Let's skip discussion about the Euro parliament because they are just a bunch of well-paid jokers without real decision power.
The laws (aka directives) are made by the commission. The commission consists of thousands of people from all over the EU who are recruited by the commission itself. That stands very far from what you said. The only people in power who are indirectly voted in by the people are the commissioners and other top bureaucrats.

It goes without saying that people elected by their countries (10 - 50 million population) are closer to the population than people elected indirectly by 500+ million people.
The commission used to give advice, now they issue directives. They are arrogant and need to be put in their place.

Anyway John, I know you are a Europhile (are you trying to get on the gravy train ?)

So I maintain my stand that I am happy for the UK to break away from that exercise in federalisation and globalism that the EU has become.
By Rugoz
#15051630
JohnRawls wrote:So the lie number one is that its majority of decision. EU law probably doesn't cover 10% compared to what the rest of legislature of each state covers.
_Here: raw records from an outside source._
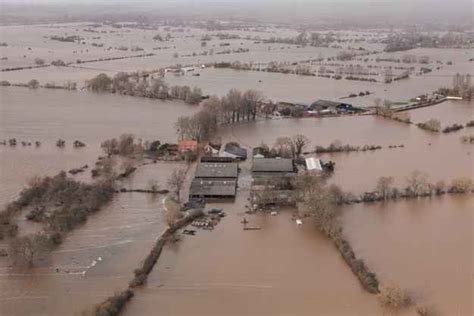 27 Staggering New Pictures Of The Somerset Levels Floods | Somerset ...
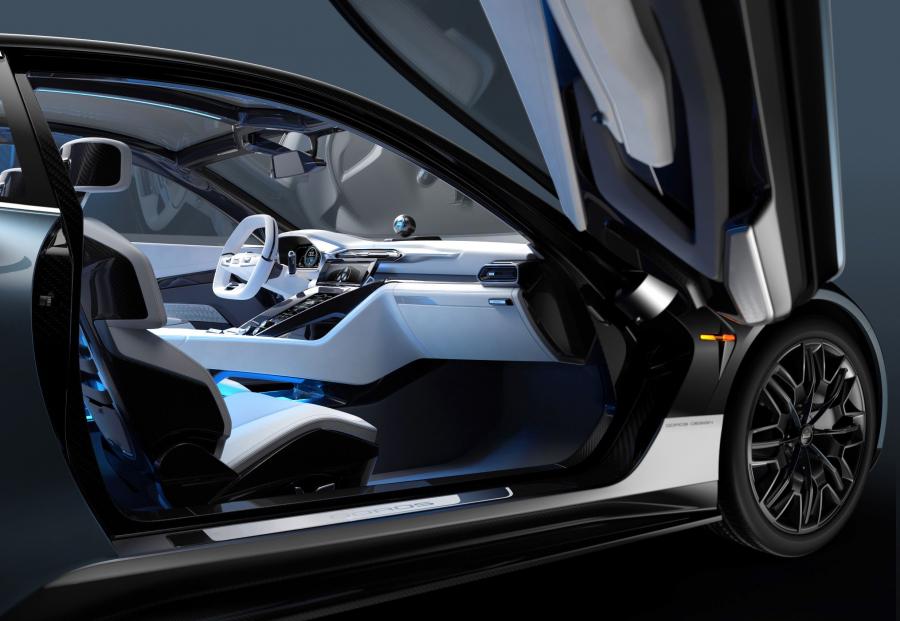 Интерьер Qoros Mile I 2018 года  (фото 10 из 10)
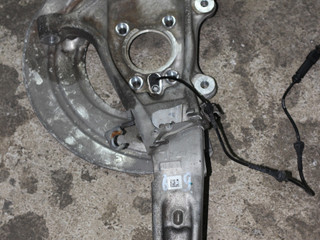 кулак поворотный левый BMW X5 G05 2019, 3.0 л., B57 D30 A, дизель, АКПП, black-sapphire metallic (475), внедорожник 5 дв., правый руль, 6876655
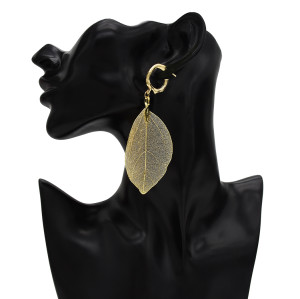 E-5371    Leaf earrings with golden hooks and light Pendant Earrings Jewelry For Women Design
So that is the first part of the lie.


10% seems too low even by the most optimistic estimates. E.g.

If we take EU regulations and directives into account, then yes, it does start to look as if up to 65 per cent of our legislation comes from Brussels. But this figure is based on counting every law passed by the European Commission between 1993 and 2014: all 49,699 of them. Plenty of these have been dropped, replaced or rendered redundant. It is thought the total number of EU laws in force is less than half that figure (22,398, according to March 2015 reports). And many of these – measuring the pungency of olive oil, tobacco growing guidelines – are not relevant to British farmers or manufacturers.

Taking regulations into account, the Commons Library has conceded that it is possible to justify any figure between 15 and 55 per cent.


https://www.newstatesman.com/politics/u ... e-brussels

JohnRawls wrote:Unless you want to argue that representative democracy is not democratic then you have no leg to stand on honestly in this argument.


In the US the "one-step" representative democracy in Washington is already despised by most citizens. What makes you think a 2-step representative democracy in Brussels will fare better in the long term?